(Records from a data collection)
BEGIN

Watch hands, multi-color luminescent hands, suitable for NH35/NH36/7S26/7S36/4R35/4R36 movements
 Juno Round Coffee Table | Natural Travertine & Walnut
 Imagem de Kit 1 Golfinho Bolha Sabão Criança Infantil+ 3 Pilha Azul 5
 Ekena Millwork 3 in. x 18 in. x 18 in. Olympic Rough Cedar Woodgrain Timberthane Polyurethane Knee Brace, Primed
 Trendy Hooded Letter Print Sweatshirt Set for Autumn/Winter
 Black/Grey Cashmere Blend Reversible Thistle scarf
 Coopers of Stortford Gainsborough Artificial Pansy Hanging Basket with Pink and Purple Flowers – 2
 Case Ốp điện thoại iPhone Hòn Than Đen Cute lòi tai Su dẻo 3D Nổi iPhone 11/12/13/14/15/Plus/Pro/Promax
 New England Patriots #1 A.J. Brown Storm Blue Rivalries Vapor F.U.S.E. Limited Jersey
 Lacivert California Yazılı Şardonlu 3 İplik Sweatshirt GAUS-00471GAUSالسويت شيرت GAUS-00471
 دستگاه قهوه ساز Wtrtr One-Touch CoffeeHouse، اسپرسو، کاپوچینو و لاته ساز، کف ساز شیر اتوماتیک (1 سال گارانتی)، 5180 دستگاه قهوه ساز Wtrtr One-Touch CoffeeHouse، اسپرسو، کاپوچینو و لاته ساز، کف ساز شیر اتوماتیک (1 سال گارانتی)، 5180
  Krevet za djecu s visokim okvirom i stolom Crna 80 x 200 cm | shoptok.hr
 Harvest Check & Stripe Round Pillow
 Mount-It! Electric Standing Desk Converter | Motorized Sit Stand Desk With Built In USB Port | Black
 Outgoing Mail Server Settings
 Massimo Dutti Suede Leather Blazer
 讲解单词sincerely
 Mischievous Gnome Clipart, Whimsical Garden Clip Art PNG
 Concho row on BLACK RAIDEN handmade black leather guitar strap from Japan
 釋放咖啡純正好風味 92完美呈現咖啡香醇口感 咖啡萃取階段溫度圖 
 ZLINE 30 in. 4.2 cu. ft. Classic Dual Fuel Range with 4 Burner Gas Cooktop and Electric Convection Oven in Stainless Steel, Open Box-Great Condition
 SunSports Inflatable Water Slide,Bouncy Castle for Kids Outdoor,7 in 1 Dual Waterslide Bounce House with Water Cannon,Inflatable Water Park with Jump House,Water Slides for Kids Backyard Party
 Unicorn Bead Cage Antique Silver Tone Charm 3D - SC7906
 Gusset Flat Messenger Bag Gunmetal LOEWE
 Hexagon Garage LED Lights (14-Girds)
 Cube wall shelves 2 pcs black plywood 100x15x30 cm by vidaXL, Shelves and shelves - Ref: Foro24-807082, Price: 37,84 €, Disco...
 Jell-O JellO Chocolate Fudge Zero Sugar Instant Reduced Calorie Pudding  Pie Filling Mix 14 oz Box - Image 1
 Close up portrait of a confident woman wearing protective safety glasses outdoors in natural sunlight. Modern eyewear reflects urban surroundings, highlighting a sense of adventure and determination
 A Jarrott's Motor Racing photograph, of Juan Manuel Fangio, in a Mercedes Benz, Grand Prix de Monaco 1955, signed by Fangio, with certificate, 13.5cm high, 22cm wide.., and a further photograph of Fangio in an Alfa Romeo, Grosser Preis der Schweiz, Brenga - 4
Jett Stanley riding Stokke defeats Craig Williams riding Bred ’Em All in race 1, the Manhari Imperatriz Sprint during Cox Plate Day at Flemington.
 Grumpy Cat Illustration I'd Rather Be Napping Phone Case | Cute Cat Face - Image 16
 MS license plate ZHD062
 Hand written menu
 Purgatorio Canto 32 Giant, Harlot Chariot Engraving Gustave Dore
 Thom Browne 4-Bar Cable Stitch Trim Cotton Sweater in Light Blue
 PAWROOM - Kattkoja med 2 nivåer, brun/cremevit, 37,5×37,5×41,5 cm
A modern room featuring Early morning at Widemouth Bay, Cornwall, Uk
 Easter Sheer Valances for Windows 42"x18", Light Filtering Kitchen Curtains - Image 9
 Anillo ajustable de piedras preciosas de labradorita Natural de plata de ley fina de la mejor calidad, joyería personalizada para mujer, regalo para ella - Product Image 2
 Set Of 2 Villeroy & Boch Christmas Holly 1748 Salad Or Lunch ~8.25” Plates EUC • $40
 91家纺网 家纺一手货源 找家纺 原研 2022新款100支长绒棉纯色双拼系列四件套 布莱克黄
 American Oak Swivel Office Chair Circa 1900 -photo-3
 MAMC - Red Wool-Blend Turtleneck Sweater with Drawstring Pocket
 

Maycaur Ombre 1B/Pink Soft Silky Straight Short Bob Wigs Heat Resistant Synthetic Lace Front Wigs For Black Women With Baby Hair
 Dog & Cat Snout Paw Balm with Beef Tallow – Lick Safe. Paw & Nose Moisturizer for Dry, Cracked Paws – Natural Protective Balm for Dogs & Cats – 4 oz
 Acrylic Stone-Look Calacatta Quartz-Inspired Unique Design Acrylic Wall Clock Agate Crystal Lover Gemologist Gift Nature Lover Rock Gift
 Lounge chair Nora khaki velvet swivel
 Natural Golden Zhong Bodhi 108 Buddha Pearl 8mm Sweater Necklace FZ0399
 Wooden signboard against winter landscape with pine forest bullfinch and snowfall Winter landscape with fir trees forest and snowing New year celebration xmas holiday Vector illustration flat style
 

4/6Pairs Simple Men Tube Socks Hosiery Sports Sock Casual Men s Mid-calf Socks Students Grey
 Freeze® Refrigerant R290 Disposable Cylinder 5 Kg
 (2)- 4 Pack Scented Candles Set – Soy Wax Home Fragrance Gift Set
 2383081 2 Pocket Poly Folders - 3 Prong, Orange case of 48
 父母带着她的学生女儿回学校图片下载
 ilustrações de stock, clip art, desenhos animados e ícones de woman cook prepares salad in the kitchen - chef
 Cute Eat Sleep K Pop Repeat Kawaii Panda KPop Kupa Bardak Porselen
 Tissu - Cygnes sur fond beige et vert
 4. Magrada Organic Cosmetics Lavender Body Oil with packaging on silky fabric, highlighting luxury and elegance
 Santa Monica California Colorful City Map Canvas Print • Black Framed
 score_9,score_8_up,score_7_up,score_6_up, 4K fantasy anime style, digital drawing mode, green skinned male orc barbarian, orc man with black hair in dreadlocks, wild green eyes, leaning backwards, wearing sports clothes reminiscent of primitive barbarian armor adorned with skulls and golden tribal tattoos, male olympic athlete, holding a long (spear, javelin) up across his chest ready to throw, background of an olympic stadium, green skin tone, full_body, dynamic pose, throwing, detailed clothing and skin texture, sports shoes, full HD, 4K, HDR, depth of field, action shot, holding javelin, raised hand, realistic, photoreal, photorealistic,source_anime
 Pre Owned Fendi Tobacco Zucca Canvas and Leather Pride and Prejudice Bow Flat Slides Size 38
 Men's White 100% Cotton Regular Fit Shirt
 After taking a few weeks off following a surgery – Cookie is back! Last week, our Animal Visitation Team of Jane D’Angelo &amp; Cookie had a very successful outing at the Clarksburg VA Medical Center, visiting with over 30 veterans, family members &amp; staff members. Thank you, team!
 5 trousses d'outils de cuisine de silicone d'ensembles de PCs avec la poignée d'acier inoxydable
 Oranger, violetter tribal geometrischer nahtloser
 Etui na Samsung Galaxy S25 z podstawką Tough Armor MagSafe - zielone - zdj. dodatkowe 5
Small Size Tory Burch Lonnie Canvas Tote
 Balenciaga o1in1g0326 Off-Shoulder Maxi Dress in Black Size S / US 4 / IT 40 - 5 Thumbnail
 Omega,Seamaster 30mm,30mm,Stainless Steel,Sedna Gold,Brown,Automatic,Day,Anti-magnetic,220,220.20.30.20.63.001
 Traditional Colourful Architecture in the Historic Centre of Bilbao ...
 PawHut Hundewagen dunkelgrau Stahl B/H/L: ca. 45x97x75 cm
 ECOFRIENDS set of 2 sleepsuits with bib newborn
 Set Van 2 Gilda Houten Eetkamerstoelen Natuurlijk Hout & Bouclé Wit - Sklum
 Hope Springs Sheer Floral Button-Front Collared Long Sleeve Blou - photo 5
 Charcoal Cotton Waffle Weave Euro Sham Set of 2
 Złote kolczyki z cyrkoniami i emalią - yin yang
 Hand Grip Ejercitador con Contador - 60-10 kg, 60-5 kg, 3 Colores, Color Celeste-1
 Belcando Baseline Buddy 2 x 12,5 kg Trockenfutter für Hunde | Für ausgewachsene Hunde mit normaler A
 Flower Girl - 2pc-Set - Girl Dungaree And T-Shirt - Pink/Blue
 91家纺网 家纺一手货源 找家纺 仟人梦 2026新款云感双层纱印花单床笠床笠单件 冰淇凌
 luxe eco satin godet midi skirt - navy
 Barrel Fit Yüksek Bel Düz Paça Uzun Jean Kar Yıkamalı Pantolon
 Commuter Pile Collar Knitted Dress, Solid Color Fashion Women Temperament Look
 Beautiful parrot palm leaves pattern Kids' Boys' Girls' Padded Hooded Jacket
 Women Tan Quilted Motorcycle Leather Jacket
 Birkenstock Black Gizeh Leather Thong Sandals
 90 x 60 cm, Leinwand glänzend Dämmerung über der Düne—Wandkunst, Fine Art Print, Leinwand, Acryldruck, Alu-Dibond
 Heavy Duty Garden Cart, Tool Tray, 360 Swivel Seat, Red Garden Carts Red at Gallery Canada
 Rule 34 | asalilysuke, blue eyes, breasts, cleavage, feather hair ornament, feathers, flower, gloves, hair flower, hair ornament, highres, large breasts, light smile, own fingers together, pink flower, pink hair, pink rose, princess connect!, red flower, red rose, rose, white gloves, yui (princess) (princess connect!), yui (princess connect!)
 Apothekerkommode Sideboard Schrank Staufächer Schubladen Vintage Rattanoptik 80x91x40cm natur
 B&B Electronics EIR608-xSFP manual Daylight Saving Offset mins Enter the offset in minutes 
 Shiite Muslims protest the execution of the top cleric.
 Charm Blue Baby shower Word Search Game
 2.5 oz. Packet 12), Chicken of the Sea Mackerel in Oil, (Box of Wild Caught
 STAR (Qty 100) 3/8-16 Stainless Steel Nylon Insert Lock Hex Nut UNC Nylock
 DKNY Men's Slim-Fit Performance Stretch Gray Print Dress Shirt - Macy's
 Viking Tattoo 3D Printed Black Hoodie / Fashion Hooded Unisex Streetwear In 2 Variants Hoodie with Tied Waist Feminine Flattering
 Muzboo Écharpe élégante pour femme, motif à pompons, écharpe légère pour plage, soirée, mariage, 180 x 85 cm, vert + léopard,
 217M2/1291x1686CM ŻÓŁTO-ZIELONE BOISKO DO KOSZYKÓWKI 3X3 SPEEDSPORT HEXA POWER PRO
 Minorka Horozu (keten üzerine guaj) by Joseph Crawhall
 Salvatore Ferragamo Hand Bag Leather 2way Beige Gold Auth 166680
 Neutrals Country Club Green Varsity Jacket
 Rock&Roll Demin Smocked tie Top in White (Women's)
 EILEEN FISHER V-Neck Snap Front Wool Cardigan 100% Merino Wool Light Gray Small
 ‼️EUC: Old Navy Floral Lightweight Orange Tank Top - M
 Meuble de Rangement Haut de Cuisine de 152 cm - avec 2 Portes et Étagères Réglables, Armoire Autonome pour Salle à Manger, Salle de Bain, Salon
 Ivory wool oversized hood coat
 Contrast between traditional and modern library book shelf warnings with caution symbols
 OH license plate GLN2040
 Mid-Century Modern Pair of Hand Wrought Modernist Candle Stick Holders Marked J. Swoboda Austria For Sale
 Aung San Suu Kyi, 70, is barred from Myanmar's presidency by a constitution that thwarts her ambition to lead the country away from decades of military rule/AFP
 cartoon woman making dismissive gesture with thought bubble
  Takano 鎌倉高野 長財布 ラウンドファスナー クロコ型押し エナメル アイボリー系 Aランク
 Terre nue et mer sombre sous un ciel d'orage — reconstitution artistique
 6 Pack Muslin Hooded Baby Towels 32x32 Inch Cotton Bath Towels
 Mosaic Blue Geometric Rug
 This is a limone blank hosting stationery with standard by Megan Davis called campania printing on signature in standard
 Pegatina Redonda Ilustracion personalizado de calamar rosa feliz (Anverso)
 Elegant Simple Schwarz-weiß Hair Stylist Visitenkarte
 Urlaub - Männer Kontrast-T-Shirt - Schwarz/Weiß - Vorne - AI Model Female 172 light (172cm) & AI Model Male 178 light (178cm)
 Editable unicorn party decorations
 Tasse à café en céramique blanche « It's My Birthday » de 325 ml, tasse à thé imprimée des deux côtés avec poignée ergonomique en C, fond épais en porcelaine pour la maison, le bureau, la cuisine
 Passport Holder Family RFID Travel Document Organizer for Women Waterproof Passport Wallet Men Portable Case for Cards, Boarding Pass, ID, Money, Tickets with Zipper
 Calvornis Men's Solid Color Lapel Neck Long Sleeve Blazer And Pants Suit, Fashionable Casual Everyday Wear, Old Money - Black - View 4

END

#### [WORK ORDER]
Please print, exactly and with nothing else, the lines from the first line of the entries through the line containing "Imagem de Kit".

#### [OUTPUT OF THE EXERCISE]
Watch hands, multi-color luminescent hands, suitable for NH35/NH36/7S26/7S36/4R35/4R36 movements
 Juno Round Coffee Table | Natural Travertine & Walnut
 Imagem de Kit 1 Golfinho Bolha Sabão Criança Infantil+ 3 Pilha Azul 5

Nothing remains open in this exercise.